Appendix: A different (but related) problem
As a technical aside not directly related to your question, one technical point I found surprising while I was writing this up is that there is a subtle distinction between the entropy of the binomial distribution, and the entropy of the microcanonical ensemble for $k=2$ we looked at above. The ultimate reason is that the binomial distribution is appropriate for identical bosons at zero temperature with a degenerate ground state, whereas above we were looking at distinguishable particles with a fixed energy for the total system.

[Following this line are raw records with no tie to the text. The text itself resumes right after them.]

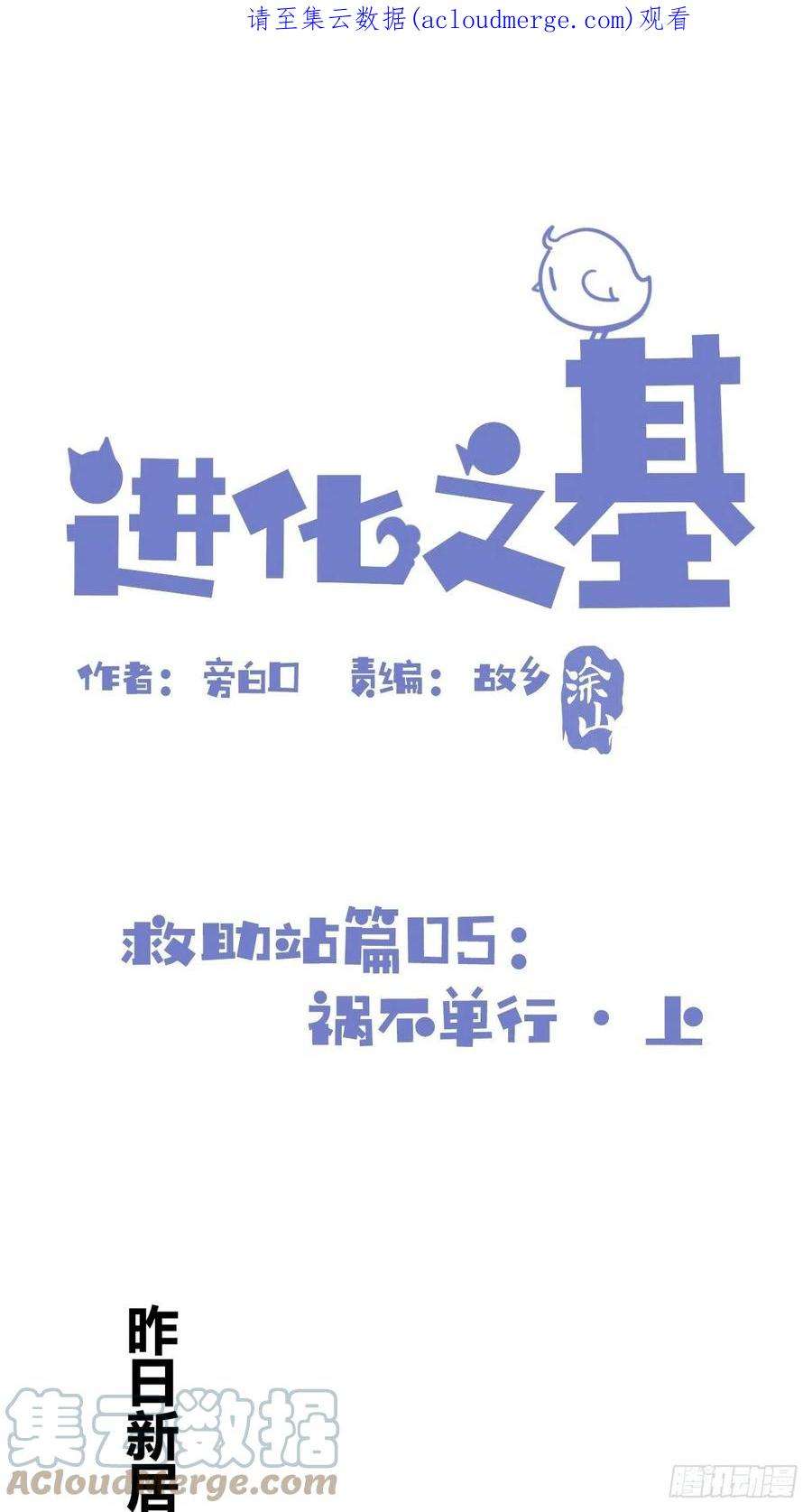 进化之基救助站05：祸不单行·上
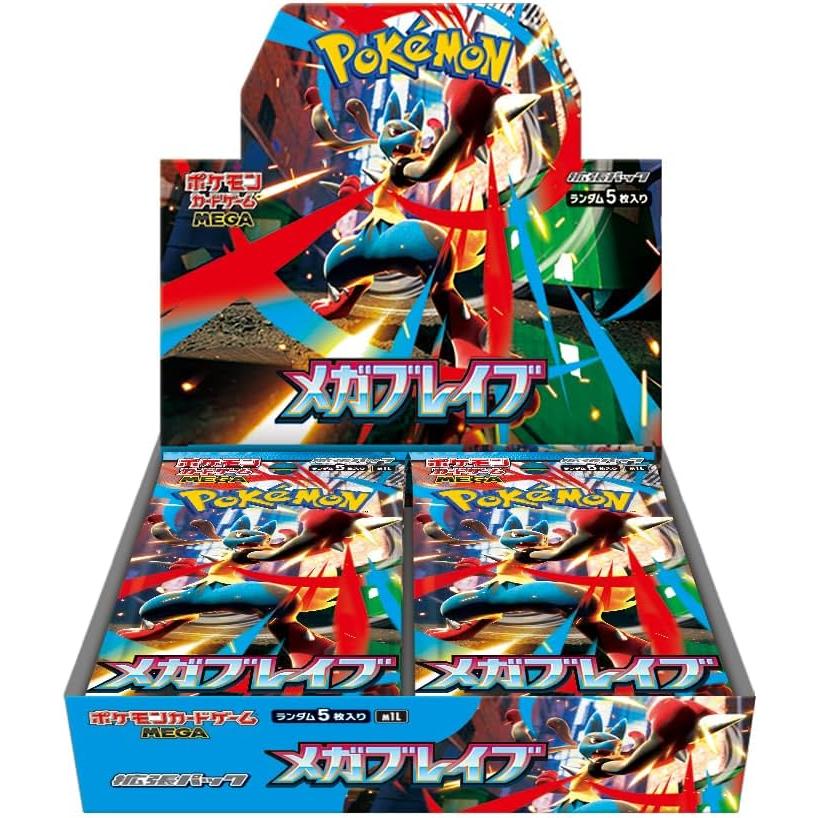 Pokemon Card Game MEGA Booster Box Mega Brave m1L TCG Japan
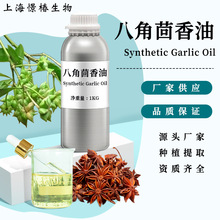 �˽�������Star Anise Oil�����{���ջ����Ӵ������ʹ������X����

The binomial distribution tells us the probability of getting $n_1$ successes, given $N$ trials, and that the probability of success is $p$. The distribution is
$$
p(n_1) = \binom{N}{n_1} p^{n_1}(1-p)^{N-n_1}
$$
and using Stirling's approximation, one can show for large $N$ the entropy is approximately
$$
S \approx \frac{1}{2} \log\left(2\pi e N p(1-p)\right)
$$
The maximum entropy distribution has $p=1/2$, in which case
$$
p(n_1) = \binom{N}{n_1} \left(\frac{1}{2}\right)^{n_1 + N - n_1} = \binom{N}{n_1} 2^{-N}
$$
in which case using Stirling's approximation the entropy is approximately
$$
S = \frac{1}{2} \log\left(\frac{\pi e N}{2}\right)
$$
This grows as $\log N$, not like $N$ as we saw above.
The issue is that the binominal distribution only counts the number of successes, and doesn't distinguish between trials. In other words, the binomial distribution tells you the probability of getting $1$ head out of $100$ trials, not the probability of the first trial being heads.
In the microcanonical ensemble used in the main question, each of the $\Omega=2^N$ states has probability $2^{-N}$. We have $2^N$ states because we can assign each particle to be in state $0$ or $1$ independently. This counting is not the same for identical bosons.